On 05/09/2023 21:20, Robert Haas wrote:
> In other words, somehow it feels like we ought to be trying to defer
> the fsync here until a clean shutdown actually occurs, instead of
> performing it immediately.

+1

> Admittedly, the bookkeeping seems like a problem, so maybe this is
> the best we can do, but it's clearly worse than what we do in other
> cases.
I think we can do it, I have been working on a patch along those lines
on the side. But I want to focus on a smaller, backpatchable fix in this
thread.

Thinking about this some more, I think this is still not 100% correct,
even with the patch I posted earlier:

> /*
> * When we WAL-logged rel pages, we must nonetheless fsync them. The
> * reason is that since we're copying outside shared buffers, a CHECKPOINT
> * occurring during the copy has no way to flush the previously written
> * data to disk (indeed it won't know the new rel even exists). A crash
> * later on would replay WAL from the checkpoint, therefore it wouldn't
> * replay our earlier WAL entries. If we do not fsync those pages here,
> * they might still not be on disk when the crash occurs.
> */
> if (use_wal || relpersistence == RELPERSISTENCE_UNLOGGED)
> smgrimmedsync(dst, forkNum);

Let's walk through each case one by one:

1. Temporary table. No fsync() needed. This is correct.

2. Unlogged rel, main fork. Needs to be fsync'd, because we skipped WAL,
and also because we bypassed the buffer manager. Correct.

3. Unlogged rel, init fork. Needs to be fsync'd, even though we
WAL-logged it, because we bypassed the buffer manager.
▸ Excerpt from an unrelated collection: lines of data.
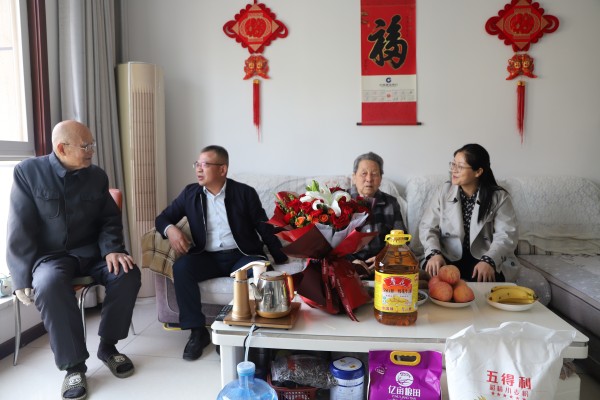 陜煤建設(shè)機(jī)電安裝公司：九九重陽(yáng)節(jié)，濃濃敬老情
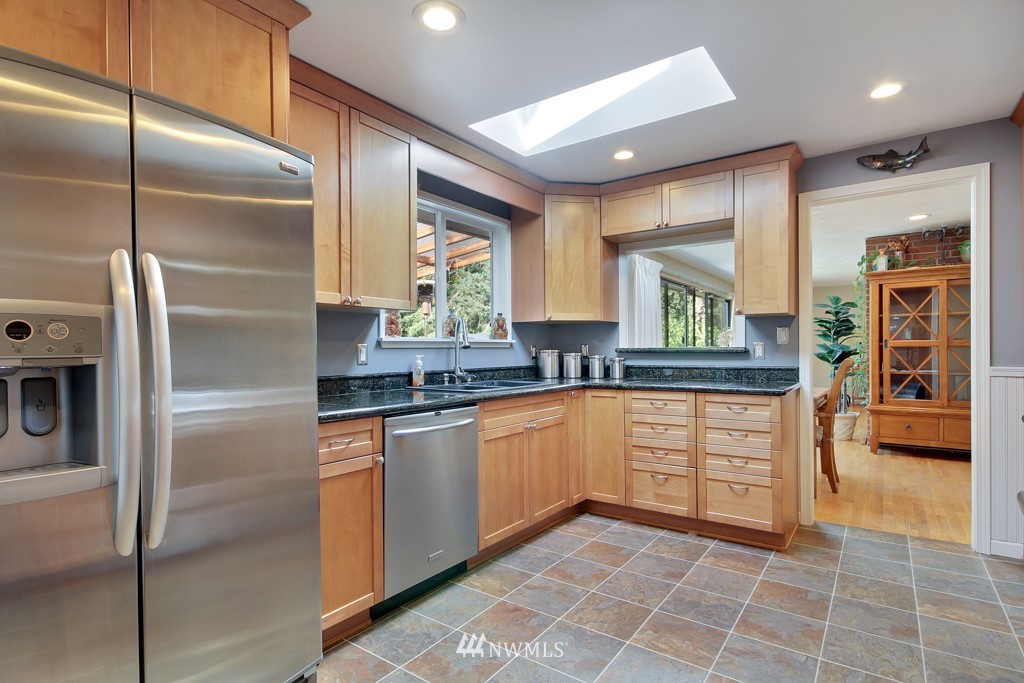 4212 Robin Road West University Place, WA 98466 - Photo 9 of 19 Gallery Image 9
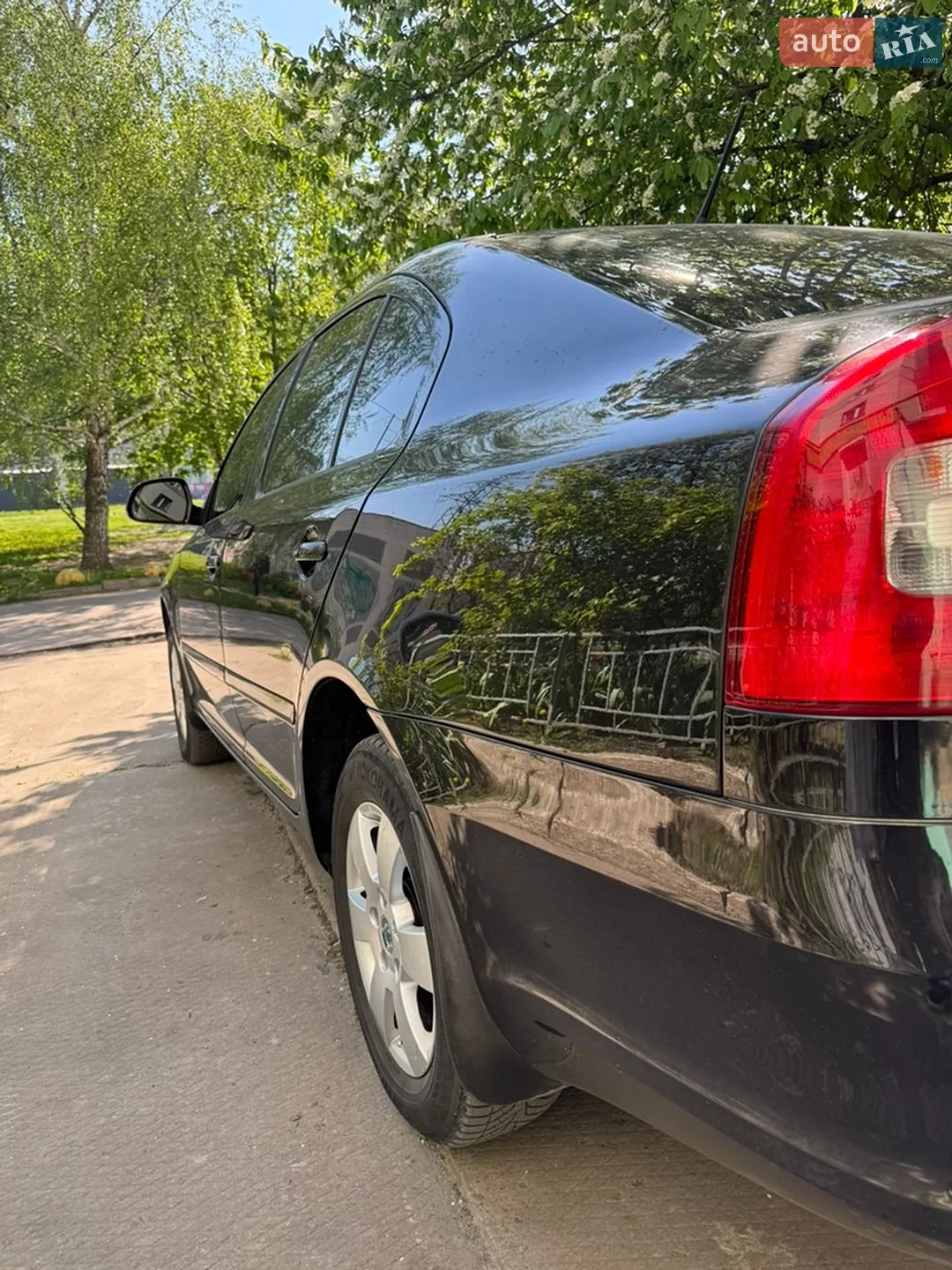 2011 Skoda Octavia - мініатюра 2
Like the comment
explains. This is now correct with the patch.

4. Permanent rel, use_wal == true. Needs to be fsync'd, even though we
WAL-logged it, because we bypassed the buffer manager. Like the comment
explains. Correct.

5. Permanent rel, use_wal == false. We skip fsync, because it means that
it's a new relation, so we have a sync request pending for it. (An
assertion for that would be nice). At the end of transaction, in
smgrDoPendingSyncs(), we will either fsync it or we will WAL-log all the
pages if it was a small relation. I believe this is *wrong*. If
smgrDoPendingSyncs() decides to WAL-log the pages, we have the same race
condition that's explained in the comment, because we bypassed the
buffer manager:

1. RelationCopyStorage() copies some of the pages.
2. Checkpoint happens, which fsyncs the relation (smgrcreate()
registered a dirty segment when the relation was created)
3. RelationCopyStorage() copies the rest of the pages.
4. smgrDoPendingSyncs() WAL-logs all the pages.
5. Another checkpoint happens. It does *not* fsync the relation.
6. Crash.

WAL replay will not see the WAL-logged pages, because they were
WAL-logged before the last checkpoint. And the contents were not fsync'd
either.

In other words, we must do smgrimmedsync() here for permanent relations,
even if use_wal==false, because we bypassed the buffer manager. Same
reason we need to do it with use_wal==true.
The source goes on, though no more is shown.